Biden retreats from vow to make pariah of Saudis
As a presidential candidate, Joe Biden promised to make a pariah out of Saudi Arabia over the 2018 killing of dissident Saudi writer Jamal Khashoggi. But when it came time to actually punish Saudi Arabia’s crown prince, Biden’s perception of America’s strategic interests prevailed.
The Biden administration made clear Friday it would forgo sanctions or any other major penalty against Saudi Crown Prince Mohammed bin Salman in the Khashoggi killing, even after a U.S. intelligence report concluded the prince ordered it.
The decision highlights how the real-time decisions of diplomacy often collide with the righteousness of the moral high ground. And nowhere is this conundrum more stark than in the United States’ complicated relationship with Saudi Arabia — the world’s oil giant, a U.S. arms customer and a counterbalance to Iran in the Middle East.
“It is undeniable that Saudi Arabia is a hugely influential country in the Arab world,” State Department spokesman Ned Price said Monday when asked about Biden’s retreat from his promise to isolate the Saudis over the killing.
Ultimately, Biden administration officials said, U.S. interests in maintaining relations with Saudi Arabia forbid making a pariah of a young prince who may go on to rule the kingdom for decades. That stands in stark contrast to Biden’s campaign promise to make the kingdom “pay the price” for human rights abuses and “make them in fact the pariah that they are.”
“We’ve talked about this in terms of a recalibration. It’s not a rupture,” Price said of the U.S.-Saudi relationship.
But what the Biden administration is calling a “recalibration” of former President Donald Trump’s warm relationship with Saudi royals looks a lot like the normal U.S. stand before Trump: chiding on human rights abuses in the kingdom, but not allowing those concerns to interfere with relations with Saudi Arabia.
In recent days, Biden officials have responded to intense criticism of the administration’s failure to sanction the prince by pointing to U.S. measures targeting his lower-ranking associates.
Those include steps against the prince’s “Tiger squad,” which allegedly has sought out dissidents abroad, and sanctions and visa restrictions upon Saudi officials who directly participated in Khashoggi’s slaying and dismemberment.
The language itself has softened, with Biden officials referring to Saudi Arabia as a strategic partner rather than pariah.

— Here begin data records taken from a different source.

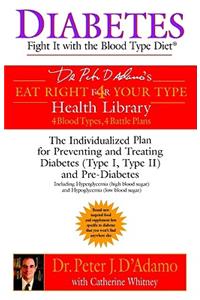 Diabetes: Fight It with the Blood Type Diet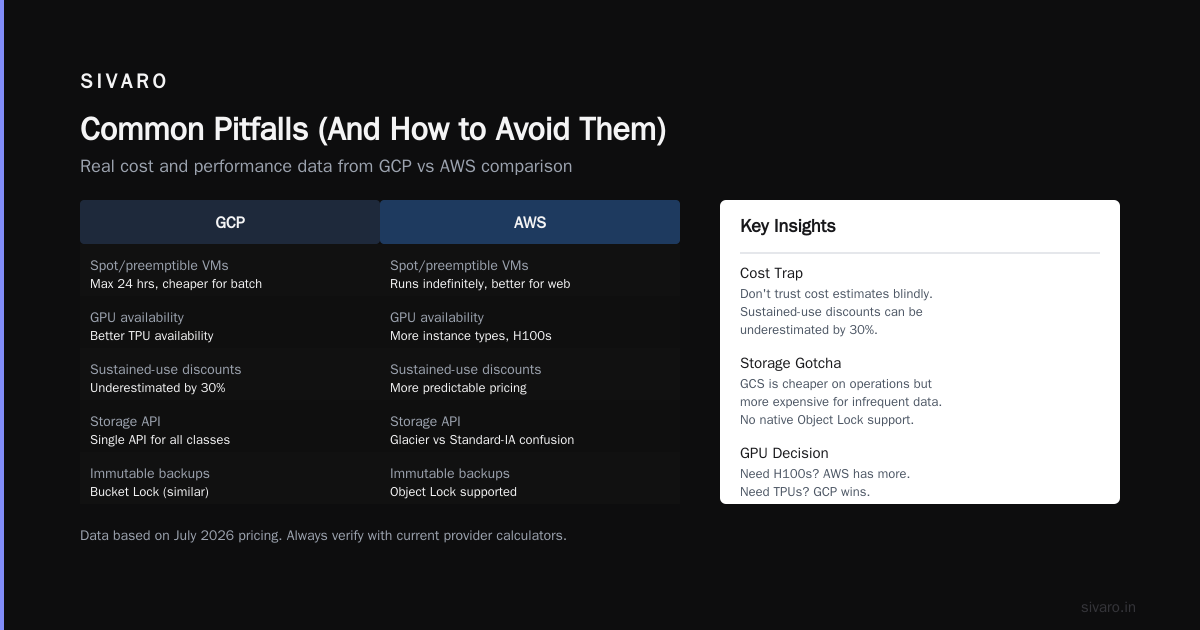 Common Pitfalls (And How to Avoid Them)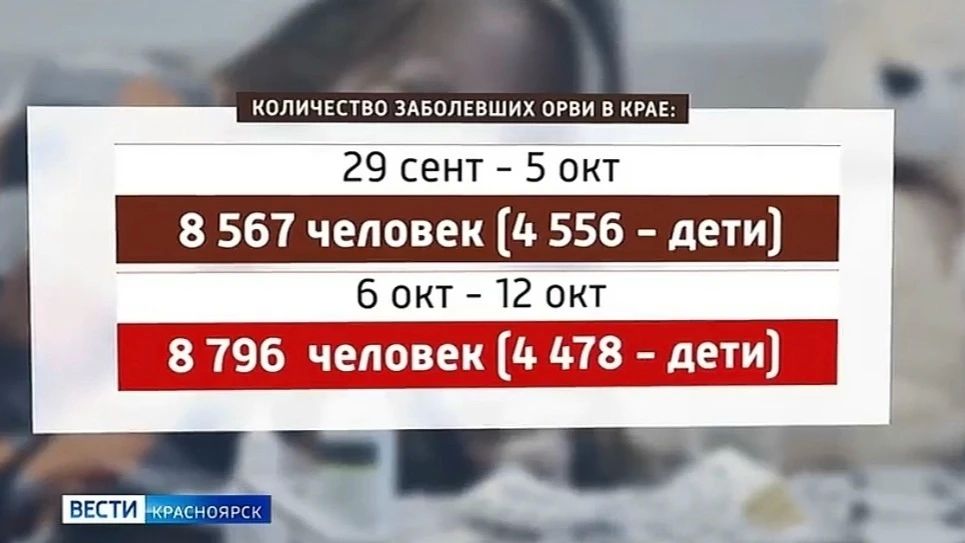 За неделю ОРВИ заболели 8,5 тысяч жителей края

Watching it all, Trump suggested over the weekend that Biden’s stand on Saudi Arabia’s prince wasn’t so different from his after all. Khashoggi’s killing by Mohammed bin Salman’s security and intelligence officials was bad, Trump told Fox News, “but we have to look at it as an overall” situation. Biden seems to be “viewing it maybe in a similar fashion, very interesting, actually.”